What is needed: Only one stretch of the material below is wanted: everything from the line containing "This slide is" down to the line containing "For example, if", both ends included. Repeat it exactly and skip the pictures.

Data provided:

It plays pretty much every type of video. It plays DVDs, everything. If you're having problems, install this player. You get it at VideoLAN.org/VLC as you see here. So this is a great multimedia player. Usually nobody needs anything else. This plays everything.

* * *

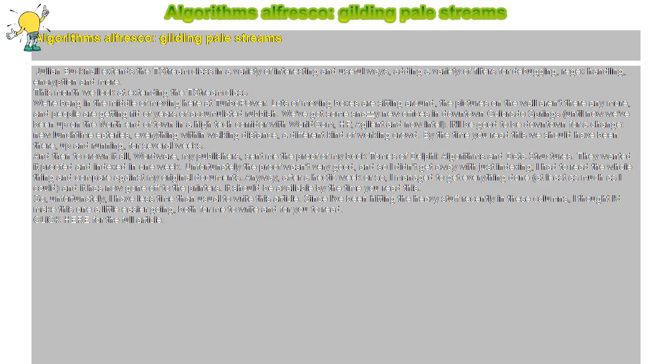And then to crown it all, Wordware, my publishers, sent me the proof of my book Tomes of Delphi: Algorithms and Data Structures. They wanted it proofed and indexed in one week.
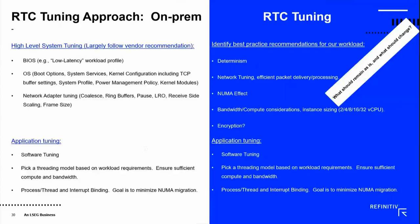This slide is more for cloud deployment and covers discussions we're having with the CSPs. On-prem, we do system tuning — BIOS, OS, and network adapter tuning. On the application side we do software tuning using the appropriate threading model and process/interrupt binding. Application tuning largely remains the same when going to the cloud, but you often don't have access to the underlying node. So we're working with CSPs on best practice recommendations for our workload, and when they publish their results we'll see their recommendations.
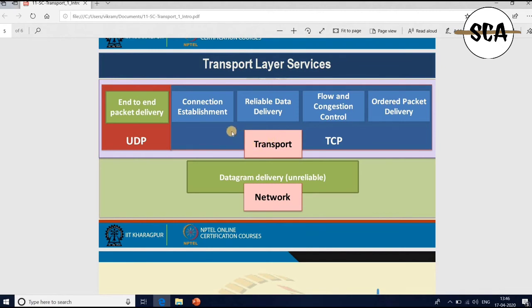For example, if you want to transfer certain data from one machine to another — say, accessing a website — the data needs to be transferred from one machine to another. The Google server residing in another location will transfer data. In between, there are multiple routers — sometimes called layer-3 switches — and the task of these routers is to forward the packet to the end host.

Answer to this problem:
This slide is more for cloud deployment and covers discussions we're having with the CSPs. On-prem, we do system tuning — BIOS, OS, and network adapter tuning. On the application side we do software tuning using the appropriate threading model and process/interrupt binding. Application tuning largely remains the same when going to the cloud, but you often don't have access to the underlying node. So we're working with CSPs on best practice recommendations for our workload, and when they publish their results we'll see their recommendations.
For example, if you want to transfer certain data from one machine to another — say, accessing a website — the data needs to be transferred from one machine to another. The Google server residing in another location will transfer data. In between, there are multiple routers — sometimes called layer-3 switches — and the task of these routers is to forward the packet to the end host.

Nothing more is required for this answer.